In his book Invisible Republic, the critic Greil Marcus described the songs compiled on the Anthology of American Folk Music as totems of “the old, weird America.” He became altogether too enamoured with that flawed phrasing (the paperback edition of Invisible Republic was renamed for it), though it does hint at the parallel phenomenon A Field in England falls under—not touting the transcendent power of a disinterred relic, but implying how contrived such exoticization is. Call this tendency Wyrd Olde England. It might include Aleister Crowley, The Wicker Man, ley lines, the putative occult connections of Beachy Head, quite a few Kate Bush songs, Herne the Hunter, and lyrics from 1968 that sound like they were written in 1458. The explicitly pagan nature of most examples makes sense: this is a country that never entirely took to Christianity, Anglicanism being the protective local tangent of a universal religion. They’re a notion of the people who built Stonehenge, not the successors to it.
The Field in England seems symbolic when you think of it that way, albeit an open allegory, indicating only that “England” itself is another construct. The warring ideologies were more abstracted than in America’s later civil war—alongside absolute monarchists and the radical Levellers loomed Oliver Cromwell, variously a revolutionary, dictator, and genocidaire—which may be why Wheatley ignores them, focusing instead on inscrutable combatants.
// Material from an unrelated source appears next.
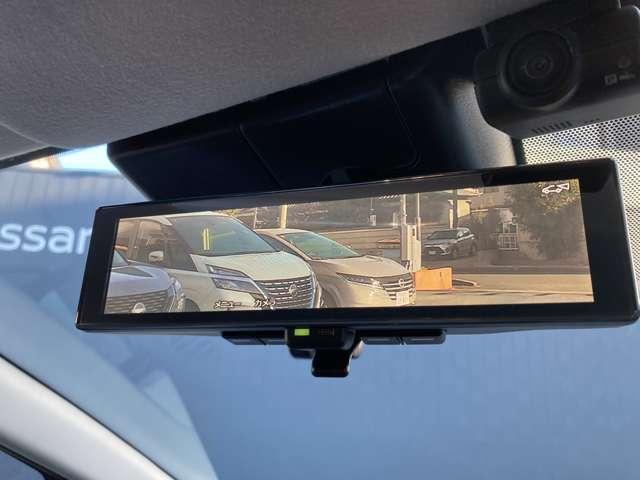 ノート １．２　Ｘ　純正９インチナビ　全周囲カメラ　ドラレコ　助手席エアバック　ＰＳ　ＰＷ　地デジ　キーフリーシステム　【ＬＥＤヘッドライト】　ＡＡＣ　記録簿付き　ワンオ－ナ－車　オートハイビーム　カーテンエアバック（10枚目）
The stammering coward Whitehead arrives onscreen like some pre-modern Bob Hope, but eventually reaches a surprising depth of viciousness.
In the mid-1600s, spellcraft and science had not yet been neatly divided; it’s often unclear which is driving the events of A Field in England, though one senses our pious Christian alchemist will meet perdition either way. Between nature and the numinous, there is plenty of room for apocalypse.